Было поздно, и уставший от государственных забот Правитель уже отправился в свою спальню. Одетый в мягкий широкий халат, он сидел в глубоком кресле и, помешивая горячий травяной чай, с удовольствием вдыхал его аромат, когда к нему вошел Наследник.
Увидев отца, Аскалон остановился. Тот был таким родным, близким, домашним в этом халате, с чашкой чая, что Аскалон вдруг устыдился своих подозрений. Отец посмотрел на него вопросительно, без удивления, без раздражения, устало, но с мягким вниманием. Гнев его на сына уже прошел, и он раскаивался в том, что позволил себе так резко с ним обойтись. Поэтому он был еще приветливее, чем обычно, и невольно доставлял этим сыну еще больше мучений.
- Как хорошо, что ты зашел. Хочешь чаю?
Аскалон сел в кресло и взял чашку. Ангелар начал было хлопотать вокруг него, но взглянул ему в лицо и замер.

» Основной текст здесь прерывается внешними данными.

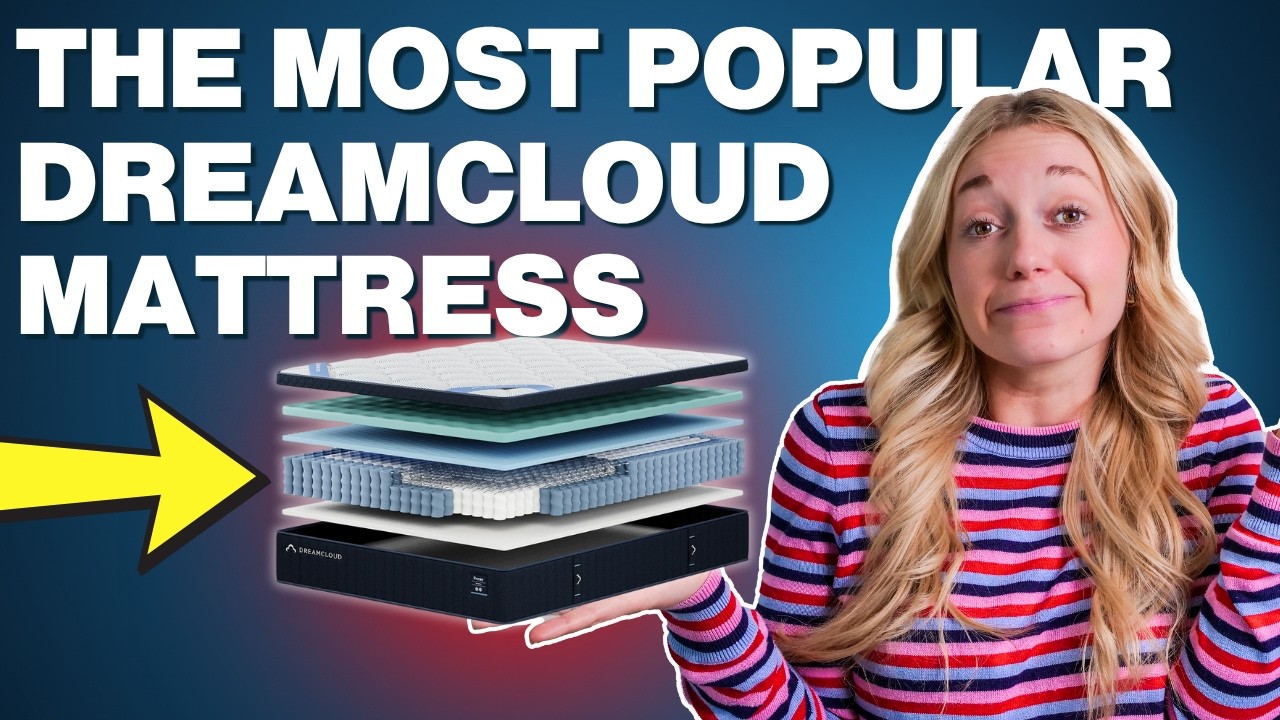 My DreamCloud Premier Mattress Review (2025) 4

- Аскалон, у тебя все нормально? На тебе лица нет!
Сын поднял на него глаза, но выговорить то, что собирался, не мог.
- Ты обиделся на мои слова? Не стоит. Я был не в себе и хочу попросить прощения. Я не должен был… Аскалон, с тобой все хорошо?
- Нет, - наконец выдавил из себя Аскалон, - все плохо.

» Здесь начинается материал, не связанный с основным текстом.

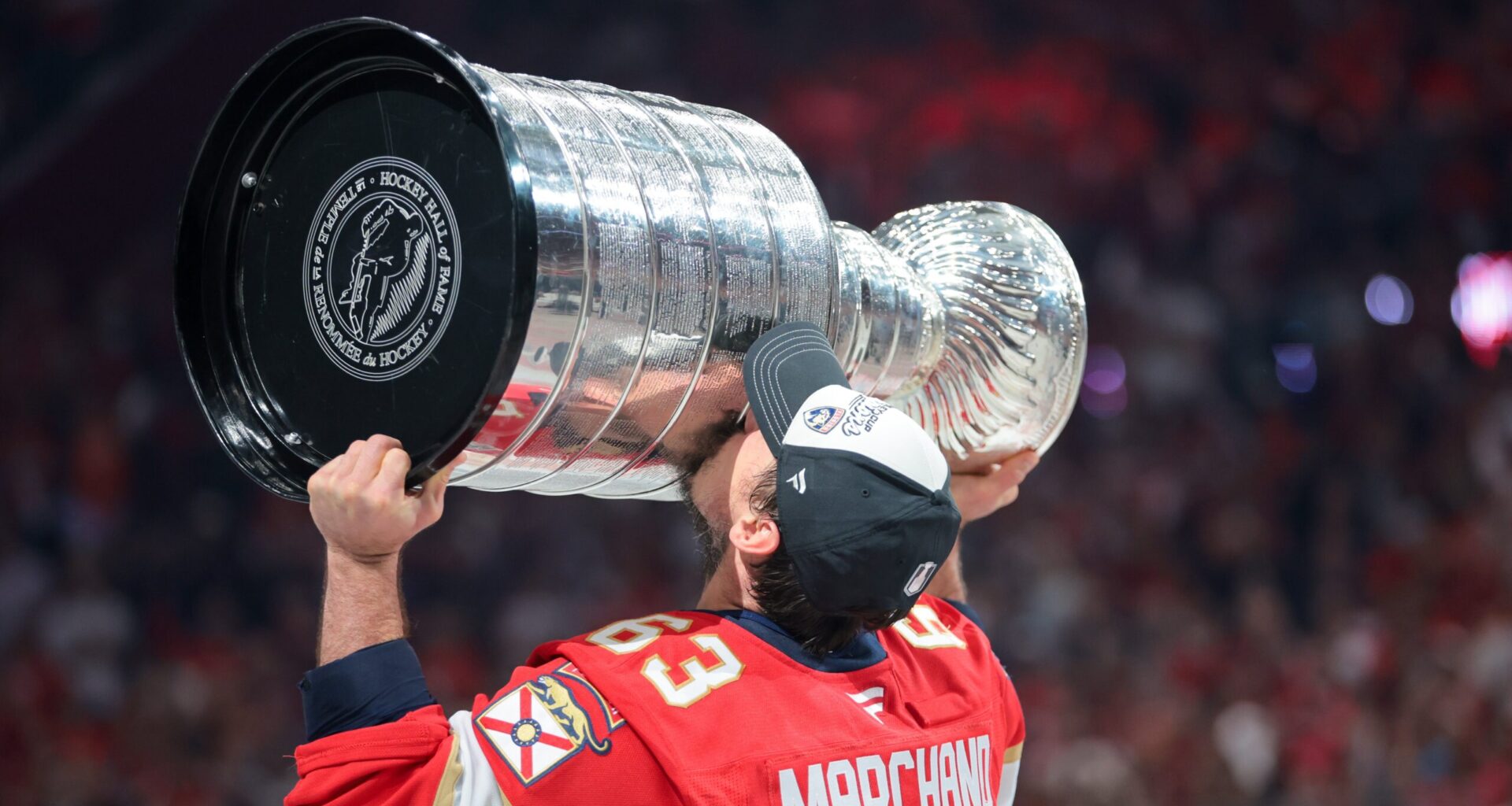 Brad Marchand Captivates NHL with Heartwarming Dairy Queen Visit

Ангелар подошел к сыну и, положив руку ему на плечо, спросил:
- Что случилось?
- Я был у Виринеи.
- Так, - Ангелар опустился в кресло напротив, не сводя глаз с сына. Сердце его сжалось от нехорошего предчувствия.
- Она мне сказала… Она… Она видела, как ты убил своего брата.

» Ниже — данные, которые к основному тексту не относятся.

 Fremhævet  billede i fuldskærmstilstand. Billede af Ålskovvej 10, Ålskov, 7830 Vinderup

Аскалон ждал новой вспышки гнева, эмоций, крика, но… Но его отец молчал. На его лице не выражалось ничего – казалось, он не понял, что ему сказал сын.
- Ведь это неправда? – Тихо добавил Аскалон, хотя сам он уже все понял.
Ангелар провел рукой по лицу, словно стирая с него каменное выражение, и посмотрел на сына.
- Она не может этого знать.
- Она спряталась в каком-то шкафу и видела, - Аскалону вдруг захотелось вскочить, закричать, но он по-прежнему сидел, не двигаясь, лишь рука его непроизвольно сжимала тонкое стекло чашки.
Чашка хрустнула, посыпались осколки, на ковер закапала кровь.
- Аскалон! О Боже, что ты сделал! – Ангелар кинулся за помощью.
К счастью, Аскалон отделался всего несколькими порезами. Их быстро перевязали, и он тут же забыл о них – душевная рана кровоточила гораздо сильнее.